We are petitioning against censorship on the internet!

The World Press Freedom Index 2013 has reported,“In India, the ‘world’s biggest democracy’, the authorities insist on censoring the web and imposing more and more taboo”

a) Criminal complaints targeting individuals for their online posts criticising politicians are on the rise. A professor from Kolkata was arrested for emailing a cartoon of the West Bengal Chief Minister. Two girls from Mumbai were arrested for a Facebook post criticizing shutdown of an entire city for the funeral of a political leader. Eminent Dalit scholar, Kamal Bharti, was arrested for his Facebook post showing support to suspended IAS Officer, Durga Shakti Nagpal.

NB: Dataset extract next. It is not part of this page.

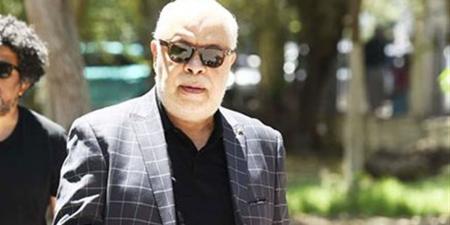 أشرف زكي يشارك في جنازة الراحل عبدالرحمن أبو زهرة (فيديو)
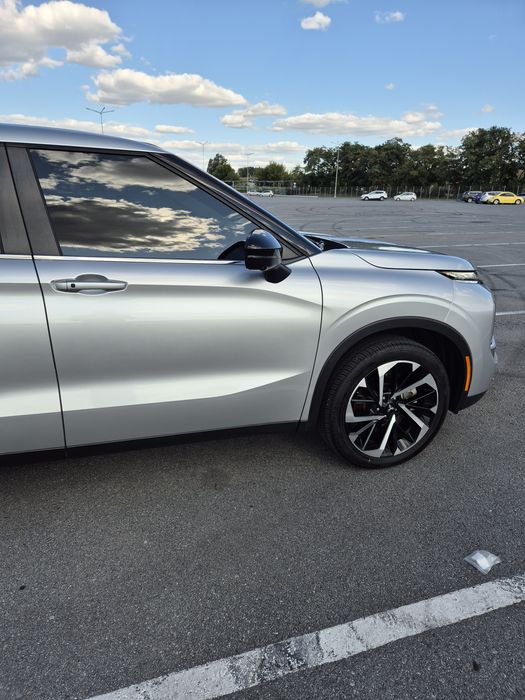 Продається Mitsubishi Outlander 2022 року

b) In 2013 alone, the Government made social-networking websites block 1,208 URLs. This number was 8, 21 and 352 in 2010, 2011 and 2012, respectively!

c) Notably, Government of India ordered blocking of 73 URLs critical of the Indian Institute of Planning and Management (IIPM), 55 Facebook URLs related to Afzal Guru and 35 websites, mostly web forums that allow sharing of pornographic material. The Maharashtra Anti-Terrorism Squad ordered blocking of a ‘Free Kashmir’ webpage on a social networking site. A website that sought to lampoon the Gujarat Chief Minister was mysteriously taken off after having received 60,000 unique visitors in 20 hours.

d) Intermediaries were asked by the police to remove content - like a blog on a Google service or a product review on Mouthshut.com - within 36 hours of receiving a complaint or face arrest.

Loopholes in the law

Section 66A of the Information Technology Act, 2000 penalises a person with imprisonment (for three years and a fine) for sending any information on a computer resource or a communication device that is:

a)‘grossly offensive’ or has a ‘menacing character’.

b) That the sender knows to be false, but intends to cause ‘annoyance’, ‘inconvenience’, ‘danger’, ‘insult’, ‘injury’, ‘criminal intimidation’, ‘enmity’, ‘hatred’ and ‘ill-will’.

c) That causes ‘annoyance’, ‘inconvenience’, ‘deceives’ or ‘misleads’ the recipient.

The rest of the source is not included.